If GPU acceleration is used, other files are generated:

• gpu_stats.csv: contains the average and peak resource utilization for the GPU during each run. The units are as follows: utilization(%)/memory(MB)/power(mW)/energy(mJ)
• gpu_samples.csv: contains the raw samples of the GPU resource utilization starting from the first run (setup and circuit compilation are not included)
• timestamps.csv: contains the starting time of each step of each run. This is meant to be used in conjunction with the gpu_smaples.csv file to further study the use of the GPU in different steps.

Results

We ran the benchmark with the SHA256 circuit on a RTX A5000 (ADA version) GPU using multiple curves (bn254, bls12-377, bw6-761) and pre-image sizes (32 B, 1 KB, 32 KB) with and without GPU acceleration.

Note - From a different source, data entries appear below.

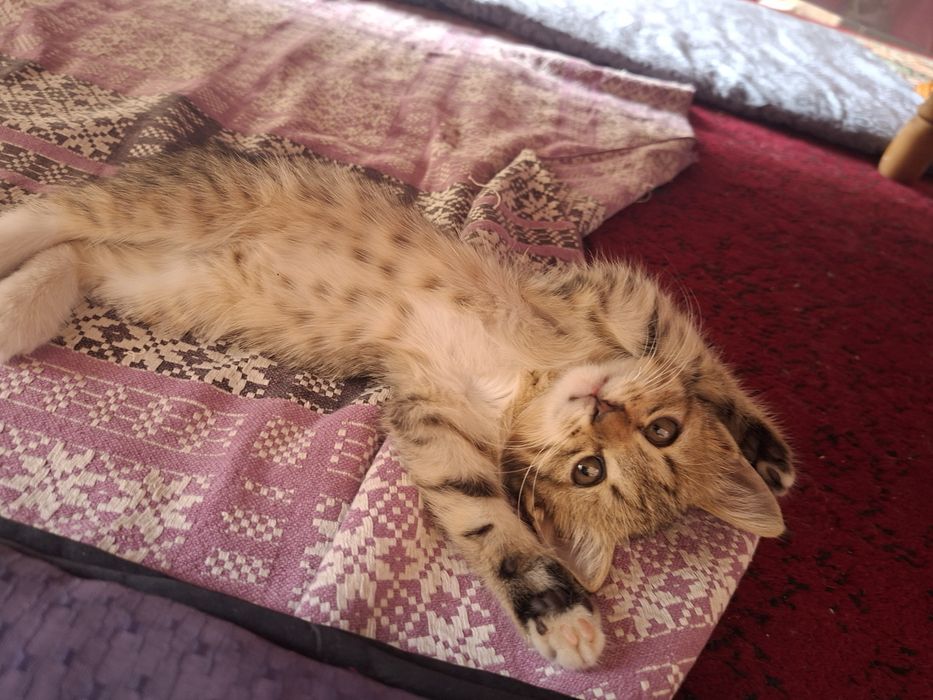 Отдам в добрые руки котёнка-девочку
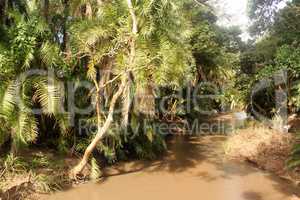 Muddy River Running Through Tropical Forest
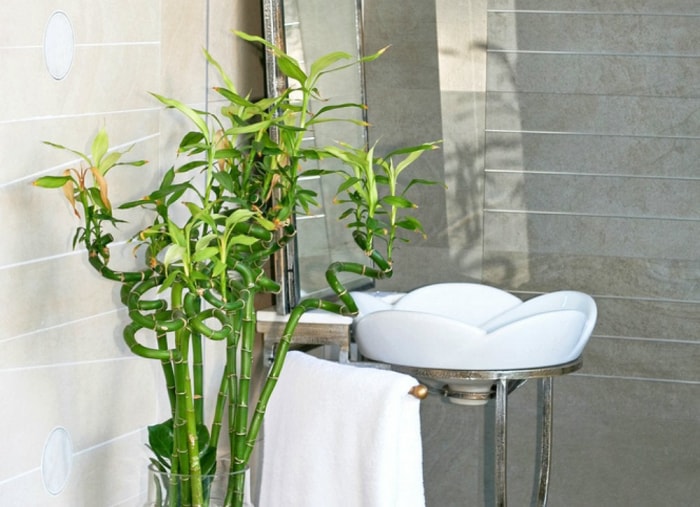 Les 26 meilleures plantes pour la décoration de la salle de bain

Runtime of different steps of the ZK-Snark

a) CPU only

Pre-image size	Curve	Witness Gen.	Solution Gen.	Proof Gen.	Proof Verif.	Full run
32B	bn254	0	203.51	564.25	1	770.46
	bls12-377	0	204.05	875.17	3	1083.73
	bw6-761	0	341.64	3886.05	12.02	4223.2
1KB	bn254	2	722.69	1896.36	1	2624.07
	bls12-377	2	743.86	3192.36	3	3943.11
	bw6-761	2	1248.74	11133.76	12.01	12398.18
32KB	bn254	71.48	16031.46	48383.4	1.06	64489.51
	bls12-377	72.1	16733.58	79313.35	3.03	96124.15
	bw6-761	72.58	28031.4	270904.65	12	299022.44

b) GPU-accelerated

Pre-image size	Curve	Witness Gen.	Solution Gen.	Proof Gen.	Proof Verif.	Full run
32B	bn254	0	210.95	141.93	0.95	355.39
	bls12-377	0	210.29	202.71	3	417.39
	bw6-761	0	331.05	531	11.98	875.02
1KB	bn254	2	730.39	398.15	0.96	1133.44
	bls12-377	2	751.42	576.09	3	1334.29
	bw6-761	2	1180.53	1559.72	11.9	2755.49
32KB	bn254	72.59	16080.99	39009.16	1	55165.81
	bls12-377	72.61	16690.96	41402.2	3	58170.57
	bw6-761	72.97	26072.86	72952.94	11.99	99112.18

Speed-up

Proof Generation speed-up

Full run speed-up

GPU stats

GPU utilization

GPU Memory

GPU power

Notes

• The bls12-381 curve did not work with GPU acceleration. It simply ignores the prover options and runs with CPU only when using that curve.
• The proofs generated for the SHA256 circuit when using GPU acceleration are invalid (proof verification fails) irrespective of curve and pre-image size (This is not the case for Cubic and Exponentiate). The reason is unknown.